[[ Data, beginning ]]

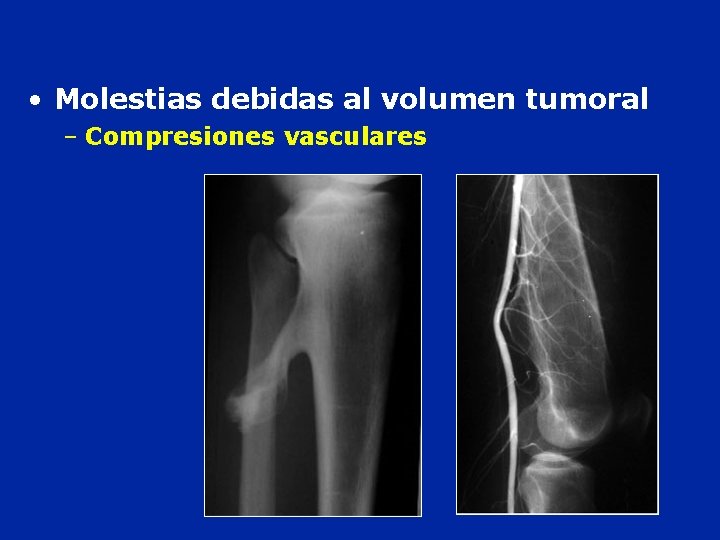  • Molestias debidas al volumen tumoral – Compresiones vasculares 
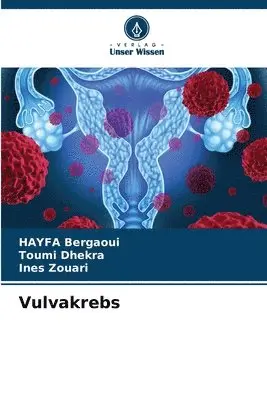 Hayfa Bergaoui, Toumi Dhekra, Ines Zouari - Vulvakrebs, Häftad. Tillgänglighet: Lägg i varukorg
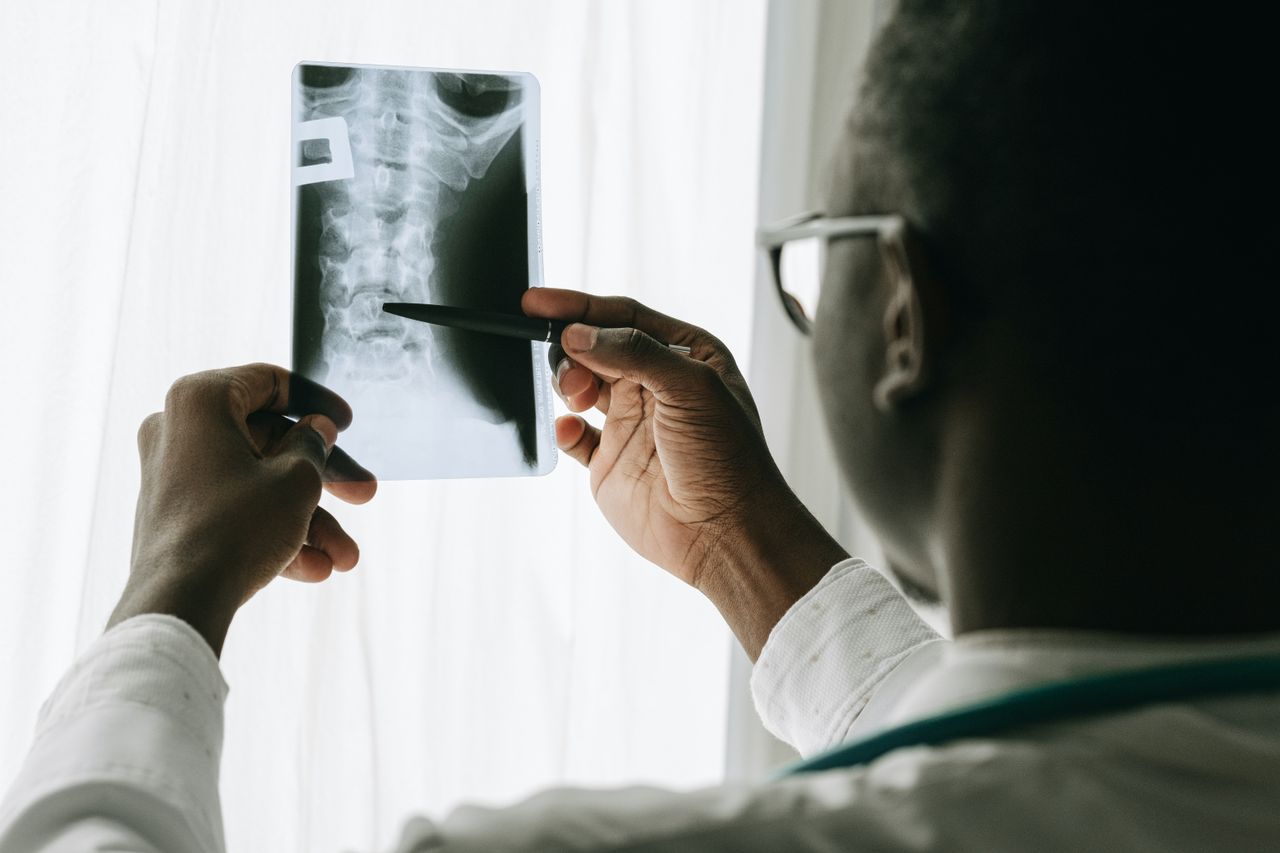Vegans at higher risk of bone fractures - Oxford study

[[ Data, end ]]
[[ Data, beginning ]]

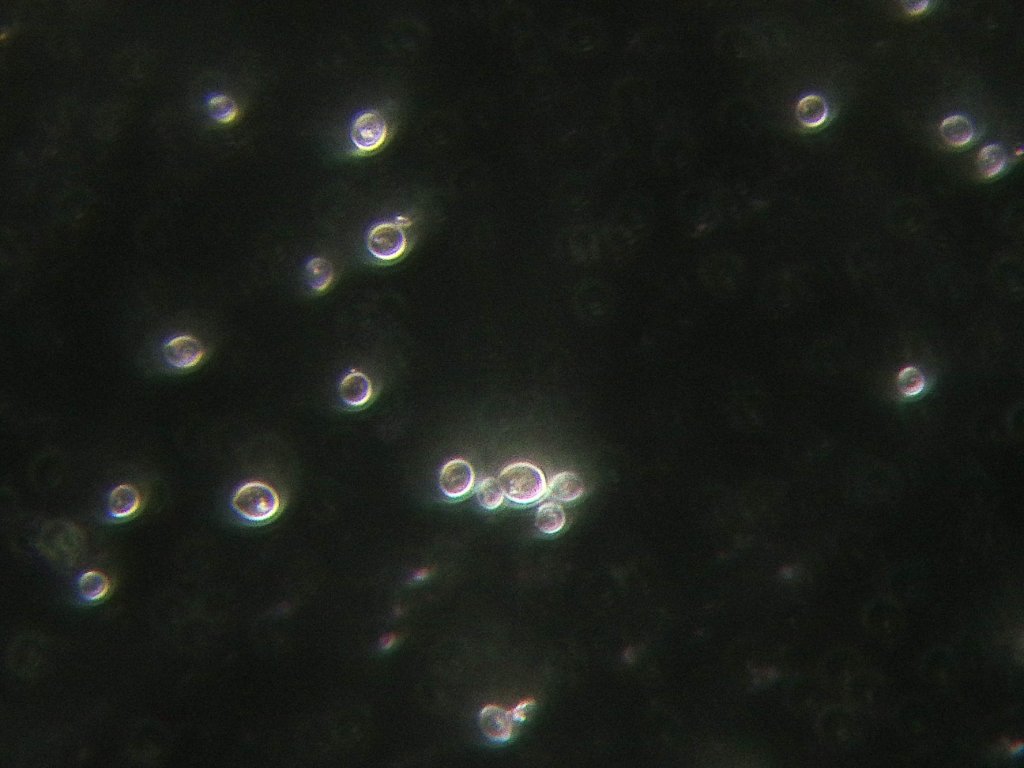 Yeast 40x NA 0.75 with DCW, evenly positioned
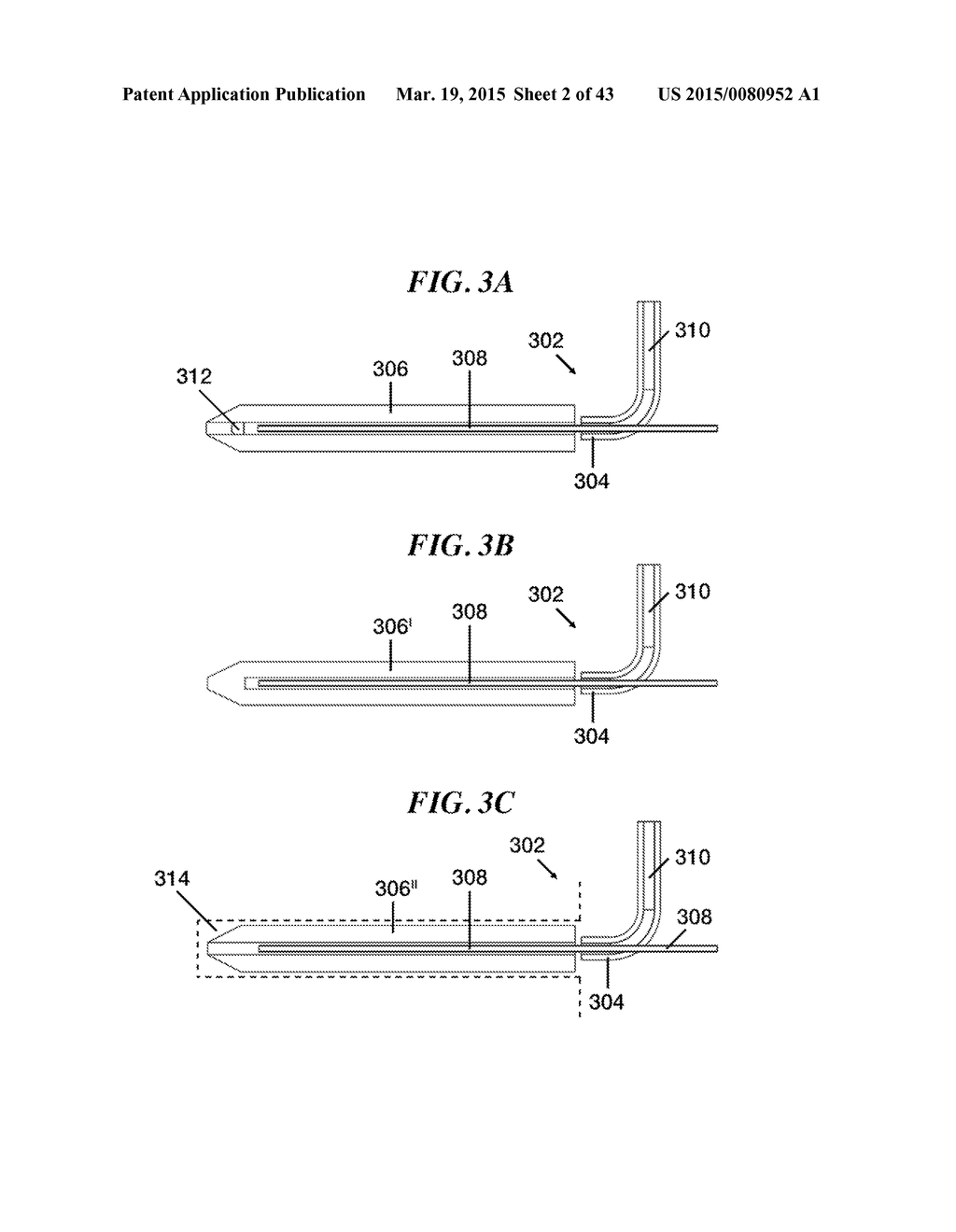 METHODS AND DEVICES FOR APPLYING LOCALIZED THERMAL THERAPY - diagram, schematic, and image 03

[[ Data, end ]]

Only the lines above from the one with "Hayfa Bergaoui, Toumi" to the one with "Vegans at higher" should be printed, both included and exactly as written; no picture belongs in the copy.

 Hayfa Bergaoui, Toumi Dhekra, Ines Zouari - Vulvakrebs, Häftad. Tillgänglighet: Lägg i varukorg
Vegans at higher risk of bone fractures - Oxford study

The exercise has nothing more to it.